** Exercise objective **
Write out the whole listing, matching it exactly.

** Extracted information **
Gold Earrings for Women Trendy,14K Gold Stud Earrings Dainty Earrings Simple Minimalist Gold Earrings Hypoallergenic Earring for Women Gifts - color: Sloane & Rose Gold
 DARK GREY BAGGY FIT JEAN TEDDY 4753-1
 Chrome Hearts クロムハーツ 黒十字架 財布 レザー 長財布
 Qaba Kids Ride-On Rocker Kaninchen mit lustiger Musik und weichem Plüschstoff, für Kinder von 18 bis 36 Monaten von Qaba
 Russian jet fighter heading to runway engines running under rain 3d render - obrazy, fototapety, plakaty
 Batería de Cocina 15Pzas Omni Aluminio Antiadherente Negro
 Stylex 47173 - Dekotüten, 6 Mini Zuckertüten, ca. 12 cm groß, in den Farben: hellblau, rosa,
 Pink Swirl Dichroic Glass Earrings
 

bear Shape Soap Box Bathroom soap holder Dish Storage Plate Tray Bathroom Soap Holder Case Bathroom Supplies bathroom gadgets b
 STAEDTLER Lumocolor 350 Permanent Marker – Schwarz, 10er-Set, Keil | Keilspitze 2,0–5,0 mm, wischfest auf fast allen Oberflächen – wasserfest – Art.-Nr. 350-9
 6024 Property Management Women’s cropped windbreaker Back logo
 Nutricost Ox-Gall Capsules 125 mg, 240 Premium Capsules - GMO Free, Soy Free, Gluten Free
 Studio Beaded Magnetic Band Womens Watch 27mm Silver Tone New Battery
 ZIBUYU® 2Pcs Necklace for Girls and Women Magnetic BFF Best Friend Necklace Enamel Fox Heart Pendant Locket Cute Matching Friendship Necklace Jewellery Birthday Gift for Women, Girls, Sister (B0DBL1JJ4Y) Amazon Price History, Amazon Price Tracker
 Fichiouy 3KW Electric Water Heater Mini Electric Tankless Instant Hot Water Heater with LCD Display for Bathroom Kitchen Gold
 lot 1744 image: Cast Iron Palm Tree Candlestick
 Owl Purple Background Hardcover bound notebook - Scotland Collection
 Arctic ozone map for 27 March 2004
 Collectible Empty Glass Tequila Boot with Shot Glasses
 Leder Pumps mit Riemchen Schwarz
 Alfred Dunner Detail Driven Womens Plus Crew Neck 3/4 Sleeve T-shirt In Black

** Solution to this task **
Gold Earrings for Women Trendy,14K Gold Stud Earrings Dainty Earrings Simple Minimalist Gold Earrings Hypoallergenic Earring for Women Gifts - color: Sloane & Rose Gold
 DARK GREY BAGGY FIT JEAN TEDDY 4753-1
 Chrome Hearts クロムハーツ 黒十字架 財布 レザー 長財布
 Qaba Kids Ride-On Rocker Kaninchen mit lustiger Musik und weichem Plüschstoff, für Kinder von 18 bis 36 Monaten von Qaba
 Russian jet fighter heading to runway engines running under rain 3d render - obrazy, fototapety, plakaty
 Batería de Cocina 15Pzas Omni Aluminio Antiadherente Negro
 Stylex 47173 - Dekotüten, 6 Mini Zuckertüten, ca. 12 cm groß, in den Farben: hellblau, rosa,
 Pink Swirl Dichroic Glass Earrings
 

bear Shape Soap Box Bathroom soap holder Dish Storage Plate Tray Bathroom Soap Holder Case Bathroom Supplies bathroom gadgets b
 STAEDTLER Lumocolor 350 Permanent Marker – Schwarz, 10er-Set, Keil | Keilspitze 2,0–5,0 mm, wischfest auf fast allen Oberflächen – wasserfest – Art.-Nr. 350-9
 6024 Property Management Women’s cropped windbreaker Back logo
 Nutricost Ox-Gall Capsules 125 mg, 240 Premium Capsules - GMO Free, Soy Free, Gluten Free
 Studio Beaded Magnetic Band Womens Watch 27mm Silver Tone New Battery
 ZIBUYU® 2Pcs Necklace for Girls and Women Magnetic BFF Best Friend Necklace Enamel Fox Heart Pendant Locket Cute Matching Friendship Necklace Jewellery Birthday Gift for Women, Girls, Sister (B0DBL1JJ4Y) Amazon Price History, Amazon Price Tracker
 Fichiouy 3KW Electric Water Heater Mini Electric Tankless Instant Hot Water Heater with LCD Display for Bathroom Kitchen Gold
 lot 1744 image: Cast Iron Palm Tree Candlestick
 Owl Purple Background Hardcover bound notebook - Scotland Collection
 Arctic ozone map for 27 March 2004
 Collectible Empty Glass Tequila Boot with Shot Glasses
 Leder Pumps mit Riemchen Schwarz
 Alfred Dunner Detail Driven Womens Plus Crew Neck 3/4 Sleeve T-shirt In Black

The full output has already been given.